But the Lord Ordinary seems to make a distinction between the various questions that may be considered by the Railway Commissioners, and he says that they have determined the question of reasonableness, and that what remains for this Court to decide is the right of the pursuers to recover by condictio indebiti the excess of rates which the railway companies have obtained, and which they say was an unreasonable excess. The argument in support of that finding was that the Railway Commissioners have decided that the charges complained of were unseasonable in so far as they went beyond the amount charged on 31st December 1894. That is not so in point of fact. The Railway Commissioners have decided nothing as between the Railway Company and the present pursuers. But it is said they have decided these things at the instance of other traders upon general grounds which are equally applicable to the cases of the present pursuers. I daresay if we were to reason on the grounds of the Railway Commissioners' decision with reference to the materials before us for ourselves, it may be very probable that we should find that the grounds explained by that tribunal might be equally applicable to the present case as to those decided. That may or may not be, but that is a question which I decline to consider, because I think it is altogether outside

Page: 51

the jurisdiction of this Court. To entertain an action of this kind upon the ground that no distinction could be taken between the case now made and some former cases decided by the Railway Commissioners would be just as much an invasion of their exclusive jurisdiction as if we were to entertain the question as a new one and decide it on grounds which we ourselves were to find out and determine in the ordinary course of our procedure. It is not the function of the Railway Commissioners to furnish a rule for the determination of questions of reasonableness that courts of law are to follow. That is not their duty. The argument to which the Lord Ordinary gives effect, and which was pressed on us with great earnestness, really assumes that this Court of Railway Commissioners is provided as machinery for the purpose of aiding the ordinary courts of law in the exercise of their ordinary jurisdiction, and for supplementing the resources of our ordinary procedure, but that appears to me to be an entire misapprehension of the functions of this body. It is a tribunal constituted for the purpose of deciding and determining, as an independent Court, all questions which may properly be brought before it and which cannot be brought before the ordinary courts of law, and therefore I cannot say for myself that I attach any material importance at all to the argument which was urged before us for the purpose of showing that there was no distinction between this case and the case of the seven traders that have been already before the Commissioners.

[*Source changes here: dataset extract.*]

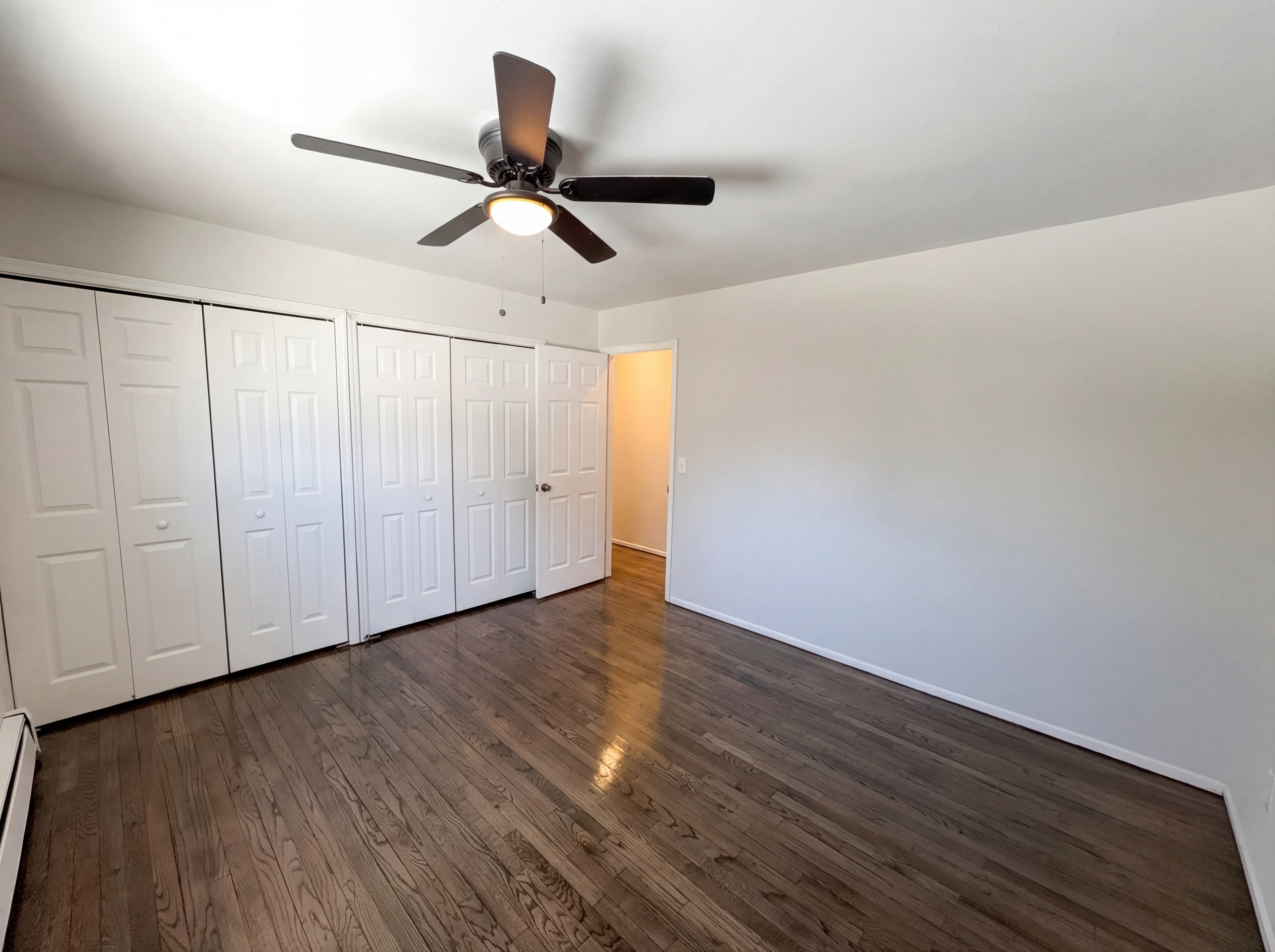 Photo 4 of 24 of 47 Brandywine Cir, Piscataway, NJ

But if the Commissioners had in fact decided that the rates complained of in this action were unreasonable, I do not think it would advance the pursuers' case in the slightest degree. If that were decided as matter of judgment between the pursuers and the railway companies by the Commissioners it would still give no foundatiou for an action of this kind. The pursuers maintain that the rate charged being in the opinion of the Railway Commissioners unreasonable, it must be held to be illegal, and they are entitled to have it repaid. But this is an entirely new restriction, as I have said, laid on the railway companies. The statute says—You are not to raise your rates beyond the amount charged in 1902 except on condition that if complaints are made before the Commissioners you must show that the increase was reasonable. But the Act does not go on to say that when that is shown the traders who have paid increased rates are to have an absolute right to demand repayment. That is not the remedy the statute gives. The statute says—Where the Commissioners entertain a complaint and find it to be well founded, they may award the complainer who is aggrieved such damages as they find him to have sustained, and such award of damages shall be in complete satisfaction of any claim for damages, including repayment of overcharges. And therefore there is by the statute no absolute rule for repayment of overcharges at all. The case that must be put before the Railway Commissioners, and which the Commissioners have to determine, is what amount of damages has the aggrieved trader suffered, and their award may be more or less than the amount actually paid, but whether the amount actually paid is to be repaid or not in the shape of damages must depend, according to the statute, upon the Commissioners being satisfied that such damages ought to be awarded. And therefore it appears to me that an action in this Court founded on the assumption that there is an absolute right to enforce repayment of the overcharges is entirely excluded by the Act of Parliament. That is not the right of the complaining trader. His right is to go to the Railway Commissioners and have the whole matter he is complaining of examined by them; and it is for them, and them alone, to consider the amount of pecuniary relief, if any, which the aggrieved trader is entitled to receive.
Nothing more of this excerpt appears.